4.2. nella specie è evidente che la ricorrente lamenta la erronea applicazione della legge in ragione della carente o contraddittoria ricostruzione della fattispecie concreta, e dunque, in realtà, non denuncia un’erronea ricognizione della fattispecie astratta recata dalla norma di legge (ossia un problema interpretativo, vizio riconducibile all’art. 360, primo comma, n. 3, cod.proc.civ.) bensì un vizio-motivo, da valutare alla stregua del novellato art. 360, primo comma n. 5 cod.proc.civ., che – nella versione ratione temporis applicabile – lo circoscrive all’omesso esame di un fatto storico decisivo (cfr. sul punto Cass. Sez. U. n. 19881 del 2014), riducendo al “minimo costituzionale” il sindacato di legittimità sulla motivazione (Cass. Sez. U. n. 8053 del 2014);
4.3. nessuno di tali vizi ricorre nel caso in esame e la motivazione non è assente o meramente apparente, né gli argomenti addotti a giustificazione dell’apprezzamento fattuale risultano manifestamente illogici o contraddittori: la sentenza impugnata ha ampiamente esaminato i fatti controversi ed accertato che la doglianza di inadempimento della Cooperativa agli accordi assunti nel novembre 2013 era sfornita di prova nell’an e nel quantum, poiché, nei fatti, il datore di lavoro aveva offerto alla lavoratrice un nuovo contratto di lavoro a tempo determinato proprio in esecuzione dell’impegno assunto e che non erano state accertate assunzioni in violazione del diritto di prelazione garantito ai lavoratori;
5. da ultimo, considerato il contenuto della memoria depositata ex art. 380 bis cod.proc.civ. dal ricorrente, va rammentato che dette memorie non possono integrare o ampliare il contenuto dei motivi di ricorso e non possono introdurre nuove censure o sollevare questioni nuove (Cass. SS.UU: n. 11097/2006; Cass. n. 28855/2005; Cass. n. 14570/2004);
6. l’inammissibilità del ricorso supera ogni profilo di improcedibilità ricollegabile alla mancata ricezione, da parte del sistema informatico, del ricorso trasmesso su file con estensione “.enc”;
7. in conclusione, il ricorso va dichiarato inammissibile, con condanna del ricorrente al pagamento delle spese del giudizio di legittimità, liquidate come da dispositivo;
8. sussistono le condizioni di cui all’art. 13, comma 1 quater, d.P.R.115 del 2002;
P.Q.M.
Dichiara inammissibile il ricorso e condanna la ricorrente alla rifusione delle spese del giudizio di legittimità, liquidandole in euro 200,00 per esborsi e in euro 4.000,00 per compensi professionali, oltre spese generali pari al 15 % e accessori di legge.

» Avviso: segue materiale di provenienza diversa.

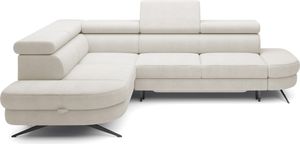 ECKSOFA OTIS L-förm, Schlaffunktion, verstellbare Kopfstützen, in AURORA-Stoff, lose Rückenkissen, freistehend, LINKS 276x218x97 cm White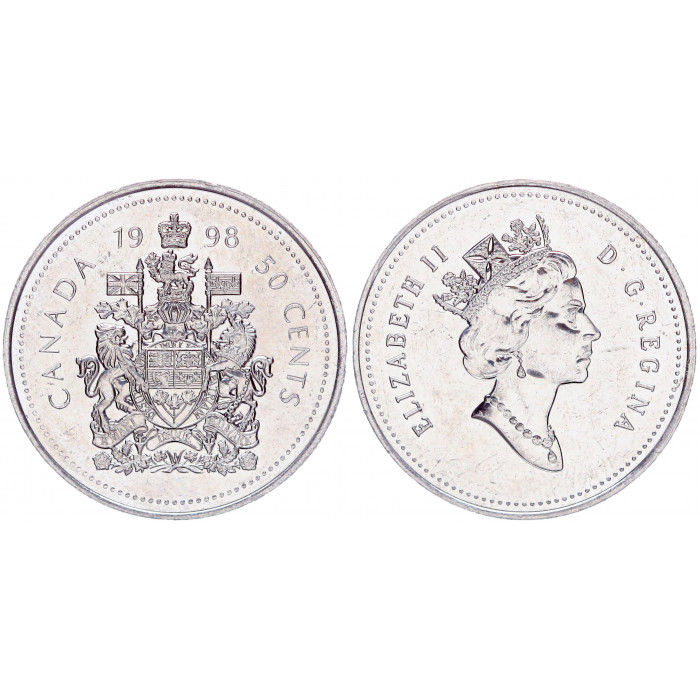 Канада 50 Центов 1998 год UNC KM# 290 Елизавета II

Ai sensi dell’art. 13, comma 1-quater, del d.P.R. 30 maggio 2002, n. 115, nel testo introdotto dall’art. 1, comma 17, della legge 24 dicembre 20012, n. 228, dà atto della sussistenza dei presupposti processuali per il versamento, da parte della ricorrente, dell’ulteriore importo a titolo di contributo unificato, pari a quello previsto per il ricorso, a norma del comma 1-bis dello stesso art. 13, se dovuto.